Olof Aschberg (July 22, 1877 – April 21, 1960) was a Swedish banker of Russian-Jewish descent who served as head of the Stockholm bank Nya Banken, the first bank in Sweden for trade unions and cooperatives. From August 18, 1922 on he served as Director-General of Roscombank, which was later transformed into Vnesheconombank.

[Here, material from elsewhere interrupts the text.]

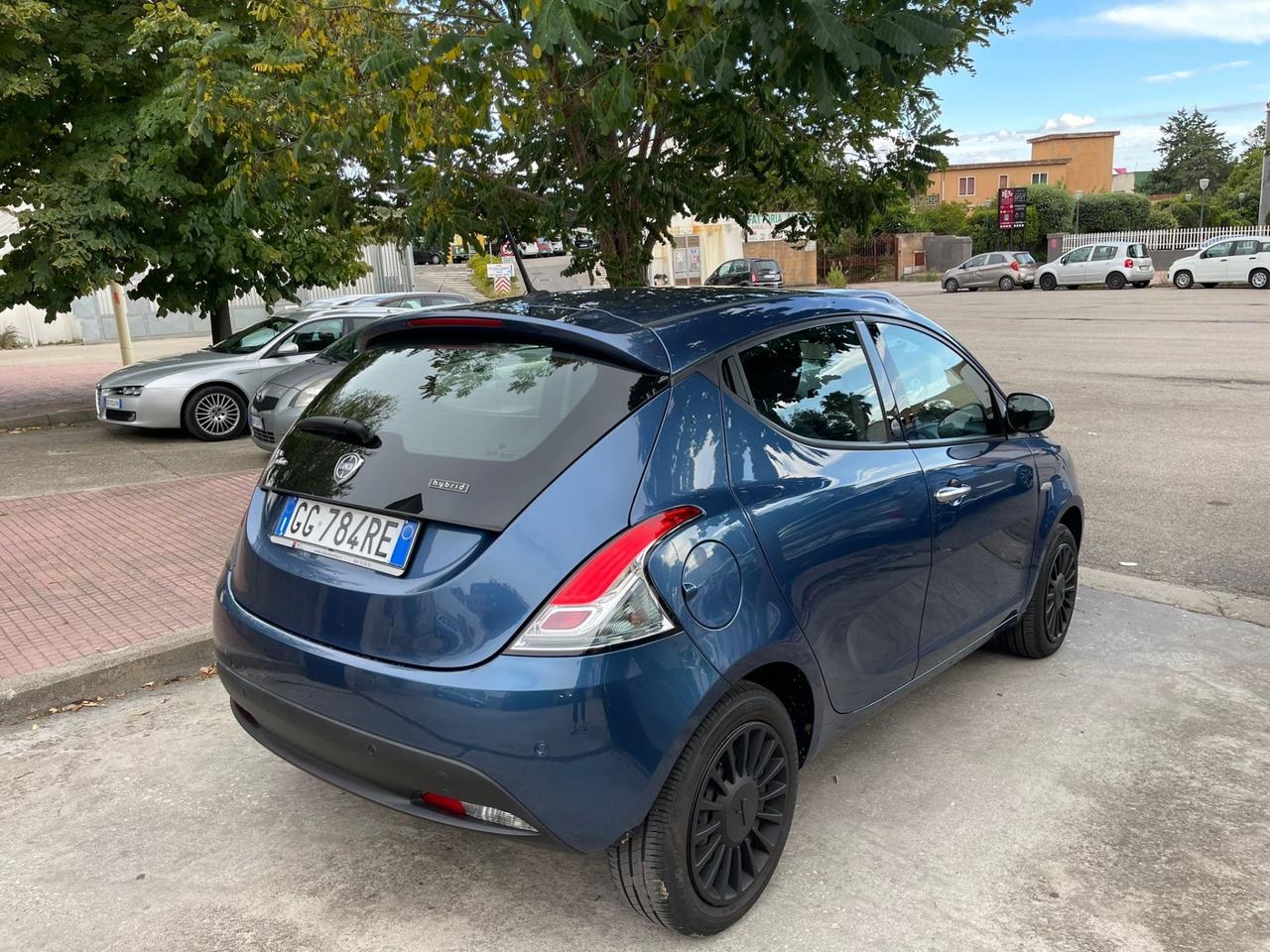 Lancia Ypsilon KM. 26.000! 1.0 Hybrid Ecochic Silver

Aschberg was a leftist sympathizer and helped finance the Bolsheviks during the Russian Revolution. In gratitude, the Bolshevik government allowed Aschberg to do business with the Soviet Union during the 1920s (as was consistent with the New Economic Policy). His co-directors included prominent Swedish cooperatives and Swedish socialists, including G. W. Dahl, K. G. Rosling, and C. Gerhard Magnusson.

== Early years ==
In Stockholm, Aschberg founded the first Swedish bank for trade unions and cooperatives (Nya Banken) in 1912 and became a friend of Hjalmar Branting. When financial operations in favor of the Germans in 1918 caused him trouble with the Allies of World War I, the bank was renamed Svensk Ekonomiebolaget. He was already a successful banker and businessman when he met first Willi Münzenberg who visited the Stockholm Youth Socialist Congress of 1917. Later, during the Bolsheviks aspirations to rebuild the Russian economy, it was Münzenberg's task to expand their modest pool of capital by floating so-called "workers' loans" using his Workers International Relief organization. By means of this subterfuge the money used for buying machines and goods in the West looked like being the outcome of proletarian support, in reality it came directly from the Kremlin, confiscated from Russia's rich and the Church.

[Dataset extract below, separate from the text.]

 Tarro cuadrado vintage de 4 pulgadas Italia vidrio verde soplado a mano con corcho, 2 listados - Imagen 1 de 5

Established in Berlin in the 1920s, Aschberg's Garantie- und Kreditbank für den Osten was charged with repayment of the WIR workers' loans, although he had not been very fond of it from its very beginning on and had even contributed to abolish it soon after its launch. Aschberg had already gained the Soviet leaders' favor, by being one of the main connections in the early years after 1917 in evading the international boycott on gold robbed by the Bolsheviks, which he offered on the Stockholm market after having the bullions melted down and given new markings. At the end of the 1920s Aschberg moved to France, where he bought Château du Bois du Rocher at Jouy-en-Josas (in 1950 offered to UNESCO and subsequently sold to the Yvelines department).

In a U.S. State Department file a Green Cipher message from the U.S. embassy in Christiania (renamed Oslo in 1925), Norway, dated February 21, 1918, it reads: "Am informed that Bolshevik funds are deposited in Nya Banken, Stockholm, Legation Stockholm advised. Schmedeman".

== Spanish Civil War ==
He helped finance the Popular Front during the Spanish Civil War. Again Münzenberg was often invited to Aschberg's Paris townhouse on the place Casimir-Périer and received the funds for launching Die Zukunft (The Future), a weekly political broadsheet. The Left Bank townhouse was gradually transformed into a kind of all-purpose Münzenberg salon, attracting the attention of the Gestapo, which spied on the meetings taking place there. With the outbreak of World War II Aschberg was interned in Camp Vernet by the French authorities. Due to his Jewish background, he was endangered when France was invaded by Nazi Germany in 1940 and fled with his family to the United States in January 1941 via Lisbon when the Vichy government set him free. Upon arrival, Aschberg immediately started to support the Free World Association. After the war, Aschberg moved back to Sweden. In 1946 he started publishing his memoirs in three volumes (En vandrande jude från Glasbruksgatan, Återkomsten, and Gästboken) and he invited Margarete Buber-Neumann to write Under Two Dictators: Prisoner of Stalin and Hitler.

== Charity ==
He built up a collection of Russian icons containing 245 pieces which he donated to the Swedish Nationalmuseum in Stockholm in 1933. This largest and finest collection of icons outside Russia was supplemented in 1952 and put the Nationalmuseum among the leading museums in this field.

== Family ==
Olof is the grandfather of the journalists Robert Aschberg and Richard Aschberg.